As you may have seen in some of my older posts, I occasionally pull out my Puhui T-962A IR reflow oven for assembling PCBs. We had some small boards at work to put together so rather than farm it out for manufacturing, I proposed building the boards up in-house.
My motive (aside from saving a few bucks) was to try out Stencils Unlimited and see how their quick-turn metal stencils worked. Normally I’ve been using the Pololu mylar stencils for $25, but I’ve always wondered what I was missing out on by not having a nice laser cut metal stencil. The cost is $125, so its a pretty big jump in cost. The metal stencils won’t wear out as easily though and should give a better quality PCB in the end (due to not melting the edges as happens with the mylar).
I opted for the optional stencil kit along with the stencil itself for an extra $20. Turns out that was pretty much a waste of $$$ in my opinion… they include a couple of pieces of PCB material to help hold your PCB in place and have the right height, as well as a thin piece of steel for spreading the solder paste. The PCB holders didn’t do the trick for me as my board is a 1mm thick board instead of the normal 1.57mm and I’ve already got nicer paste spreaders. Ah well… live and learn.

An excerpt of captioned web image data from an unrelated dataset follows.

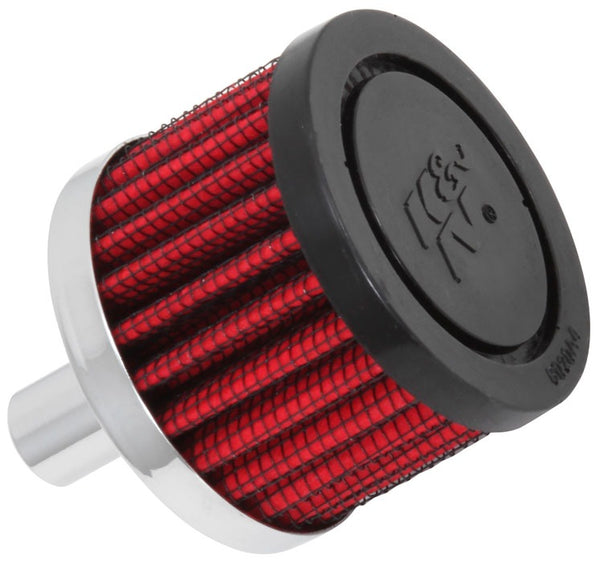 K&N Vent Air Filter/ Breather: High Performance, Premium, Washable, Replacement Engine Filter: Flange Diameter: 0.5 In, Filter Height: 1.5 In, Flange Length: 0.875 In, Shape: Breather, 62-1010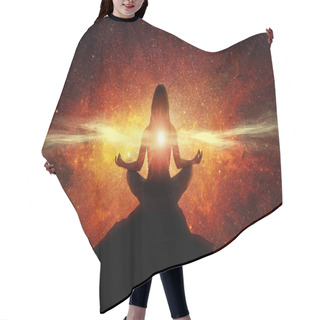 Personality  Spiritual Meditation Connected With The Energy Of The Universe Hair Cutting Cape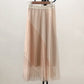 New contrasting color gauze skirt, high waist color matching gauze skirt skirt  3708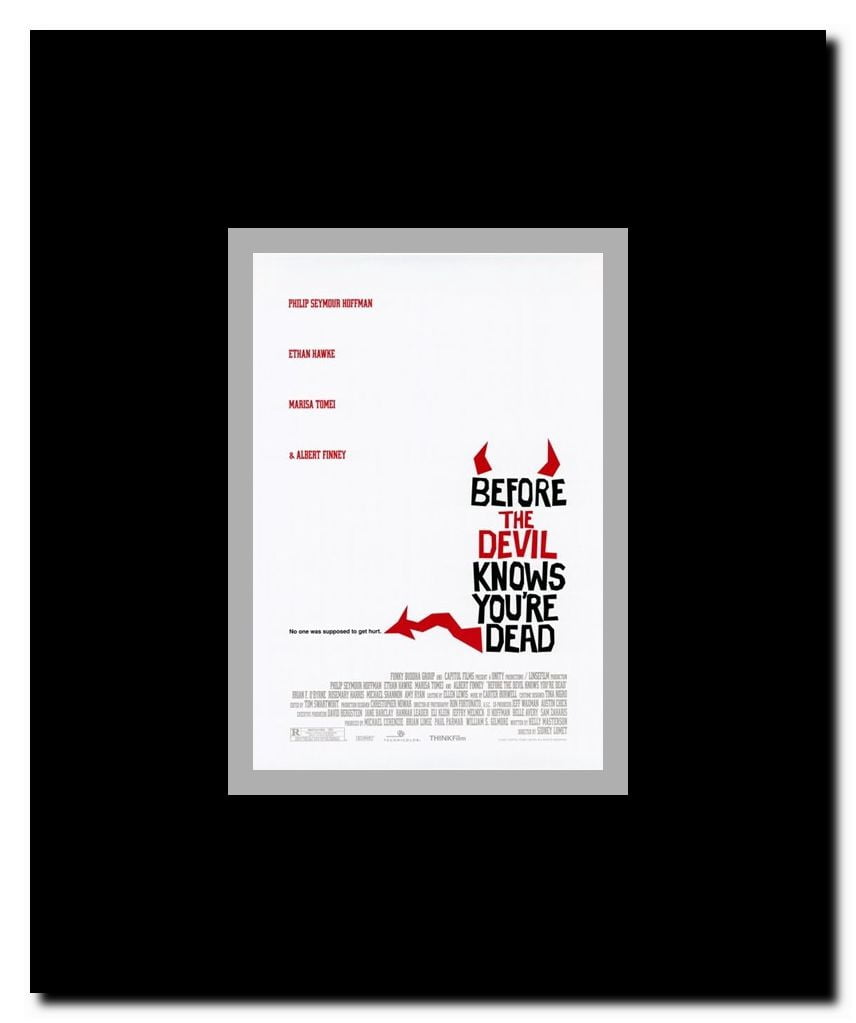 Before the Devil Knows You're Dead Framed Movie Poster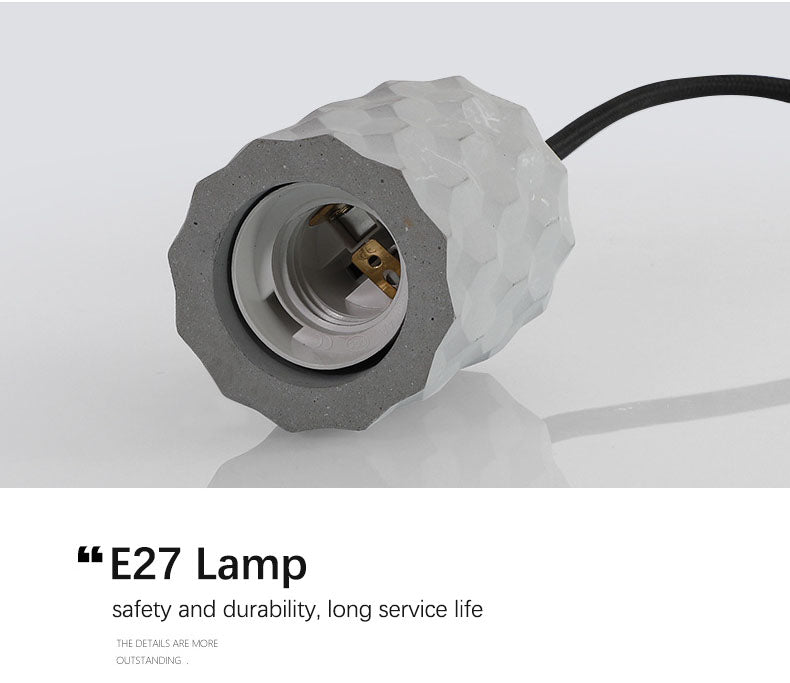 Cement Pendant Light E27 Lamp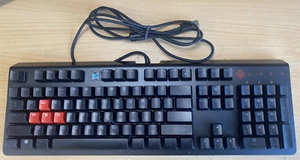 HP OMEN 1100 MECHANICAL GAMING KEYBOARD USB - (HSA-D002K) 1MY13AA#ABU - Picture 1 of 6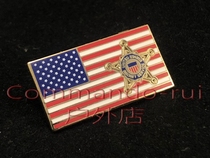 U S Secret Service USSS Metal Flag Bracelet Badge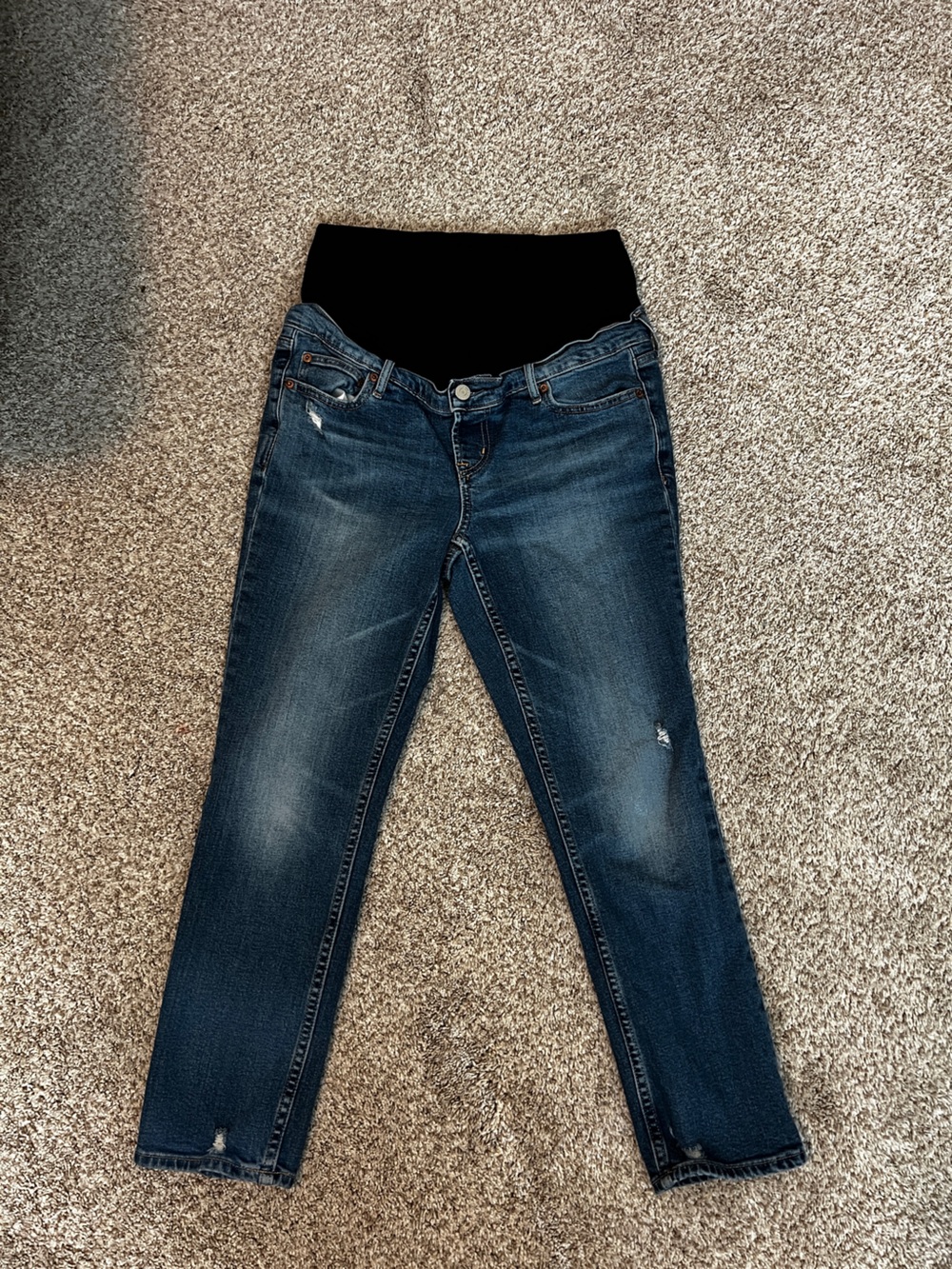 GAP maternity jeans size 29R cigarette style leg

The stencil itself is really nice.
I thought I had it made at this point. Spread the paste and reflowed away. The boards came out looking nice…. but I couldn’t get any response from it. The board is a just simple dual DC/DC converter design using the TI TPS54620. The chip showed some small signs of life but I couldn’t get it to start oscillating and regulate the voltage. I poked and prodded, replaced parts, scoured the datasheet without any success.
So I built up a second PCB. Exact same issue… virtually dead chip. It looked like it was constantly putting itself into reset.
So I started wondering about my reflow machine. I’ve never actually measured the reflow temps inside. I taped a thermocouple to a blank PCB and placed it inside the machine where I had done the previous 2 boards and cycled it. I’m using pre-programmed profile #2 which is intended for leaded solder. It runs a little cooler than lead-free so I prefer it as its easier on the parts.
It turns out that my reflow profile is pretty damn nice. I captured the temp every second and logged it. It matched pretty closely to the temperature that the machine was displaying on its LCD. Plotting the graph shows that the profile is pretty reasonable.
At this point I went a little crazy and re-ran the test but with 4 thermocouples in the machine at different locations to see how well the convection fans inside were working. I had temperatures all within 5C throughout the machine. Pretty damn nice for a $400 (including shipping) unit.
So, no smoking gun yet. So I pulled out my hot-air tool and tore one of the TPS54620 chips off a board and replaced it with a new one by hand. And it worked! Damn. It looks like this chip is particularly sensitive to IR reflow… the material that the device is made from must be absorbing IR and overheating the die inside. So I broke down, and hand assembled the remaining 9 boards. Well… sort of. I reflowed all of the discrete components and only hand-assembled the DC/DC chip itself.
That’s a first for me. The reflow oven has never failed before. I’ll have to experiment with this a little more to see if there is some way to make it work with the TPS54620 device… perhaps some copper tape on top of the part during reflow to keep the direct IR off of it and let the convection heat do the soldering?